Just one step. Just one look. That’s all it takes. Over my shoulder, eyes locking with his. Cold and sharp, deliberate. The kind of look that clears a room.
"She's not a stray."
Logan snorts. “No? Then what the fuck would you call her?”
I don’t answer.
Because truth is, I don’t fucking know.
She’s not one of ours. No ink. No burn. No number.
Doesn’t carry the stench of loyalty or the pride of belonging to the wrong kind of family.
Doesn’t have the usual signs of damage—no needle scars, no cigarette burns, no shadow behind her eyes that says she’s been here too long.
But that doesn’t make her clean. Doesn’t make her safe.
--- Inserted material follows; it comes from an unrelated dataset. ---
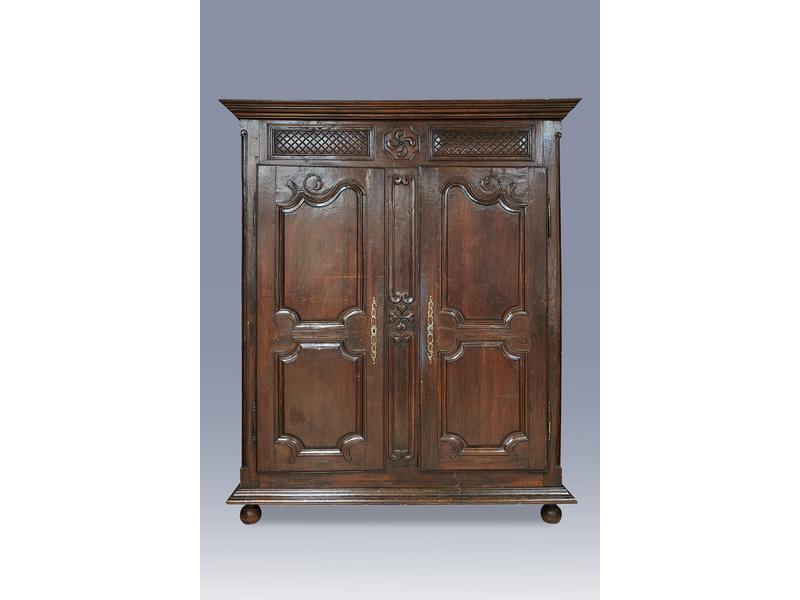 ARMOIRE en noyer et chêne ciré ouvrant à...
There’s something off about her, something wrong, but not in the way I’m used to.
And I don’t know if that makes her more dangerous… or just more interesting.
My back hits the doorframe as I lean against it, arms crossed.
Logan finally starts toward her. She doesn’t even flinch enough for most people to notice.
But I do. I always do. That slight recoil, the way her spine tightens before she even lifts her head.
Like her body’s used to pain arriving before warning.
Like she’s learned silence is safer than resistance.
Her hands twist together in front of her like she’s wringing out something invisible. Trying to take up less space. Trying to vanish.
But she doesn’t say a word. Doesn’t ask where she’s being taken. Doesn’t fight or plead.
She just follows.
Silent.
Like obedience is in her blood.
I watch the way she moves. It's too quiet. Too practiced. She walks like someone who’s learned to muffle every sound—heels barely touching the ground, steps light enough not to wake monsters in the dark.
There’s a weightlessness to her that shouldn’t exist in a place like this.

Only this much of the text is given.